(Crawled caption data)
[Start of section]

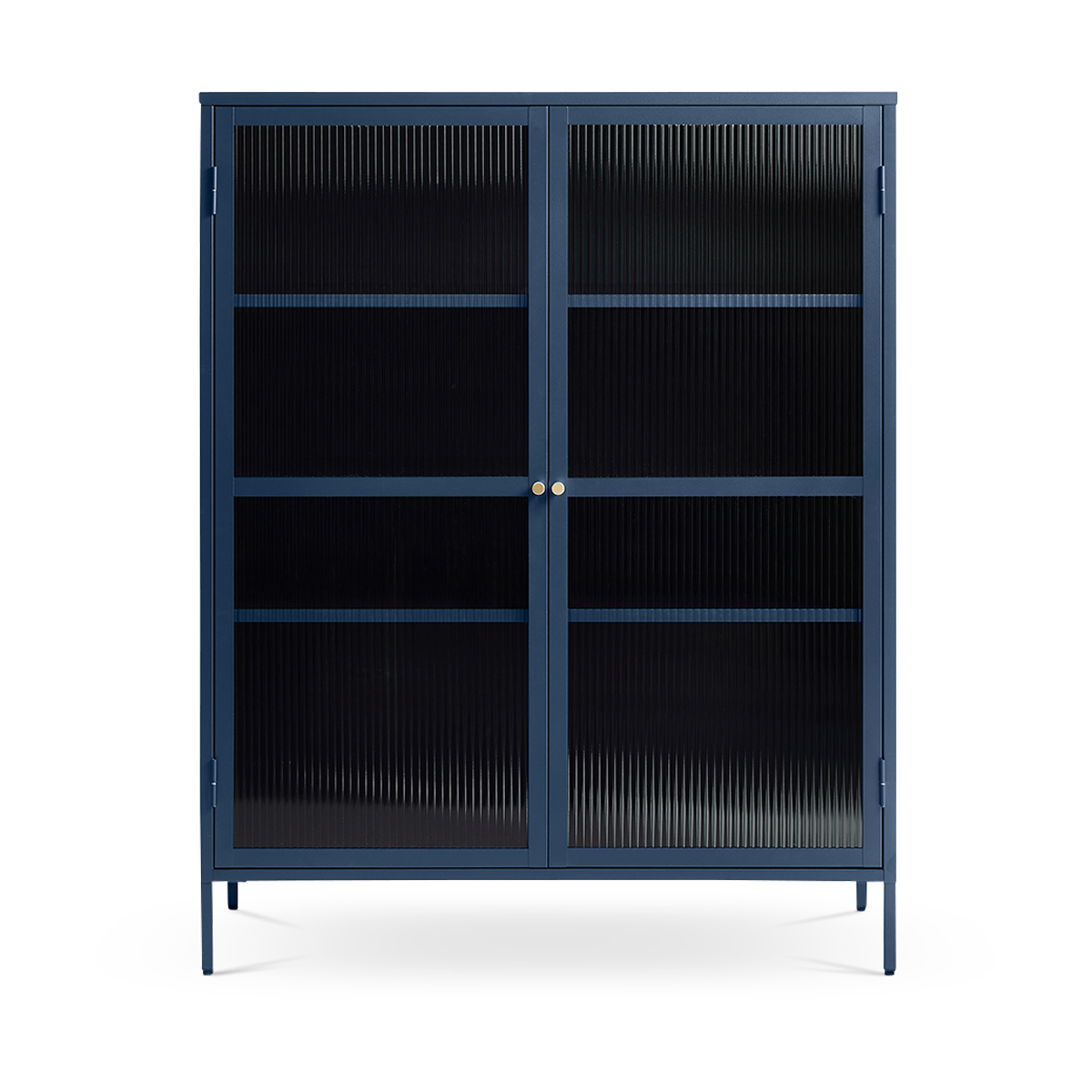 Katja metalen vitrinekast blauw - 111 x 140 cm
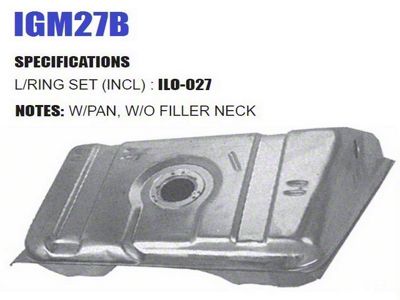 Liland Global Fuel Tank with Pan and without Filler Neck (82-92 Camaro)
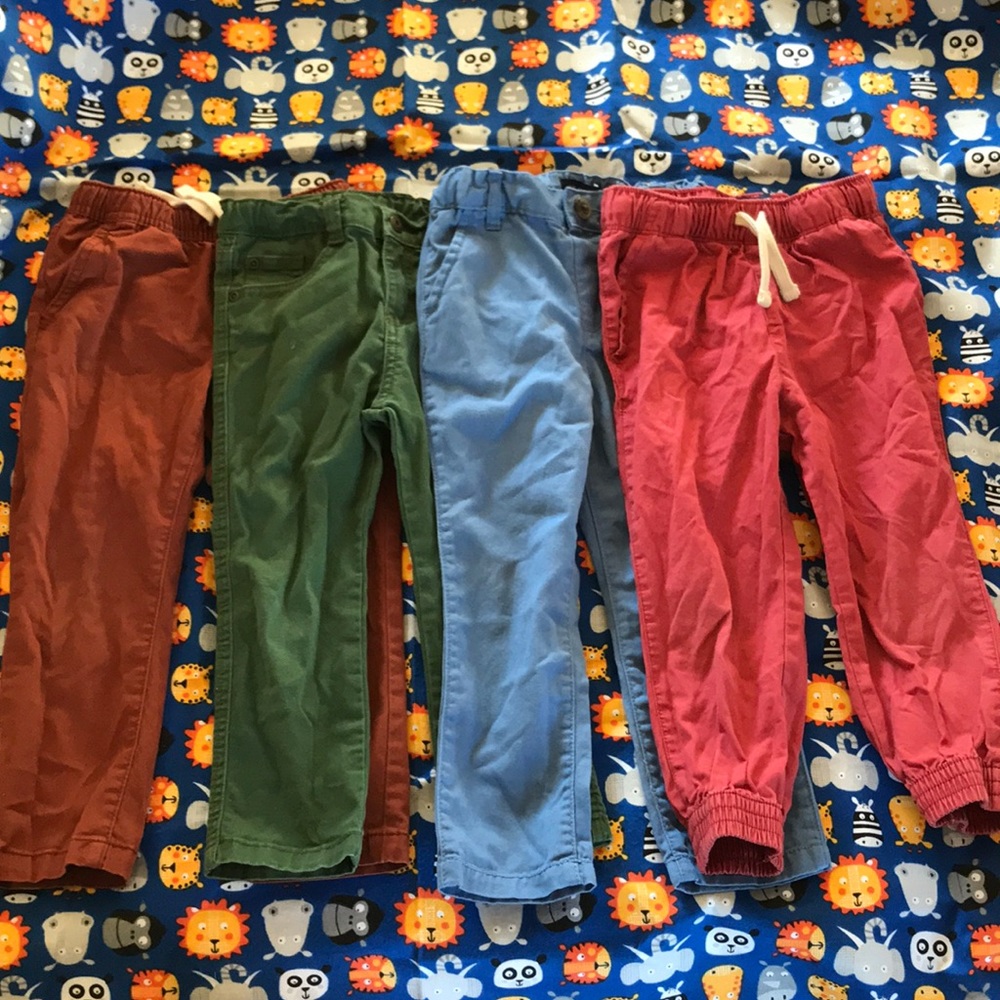 Bundle of 4 casual boys pants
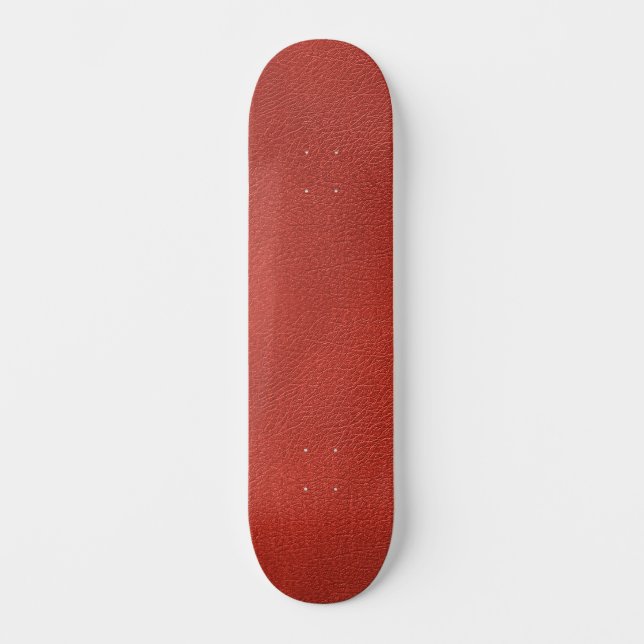 Leather Look Elegant Red Brown Template Skateboard (Vorderseite)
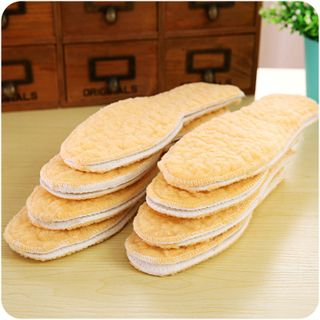 Eggshell Houseware Fleece Lined Insoles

[End of section]

Exercise description
Without the pictures, retype each line of the records above exactly.

Result for this task
 Katja metalen vitrinekast blauw - 111 x 140 cm
 Liland Global Fuel Tank with Pan and without Filler Neck (82-92 Camaro)
 Bundle of 4 casual boys pants
 Leather Look Elegant Red Brown Template Skateboard (Vorderseite)
 Eggshell Houseware Fleece Lined Insoles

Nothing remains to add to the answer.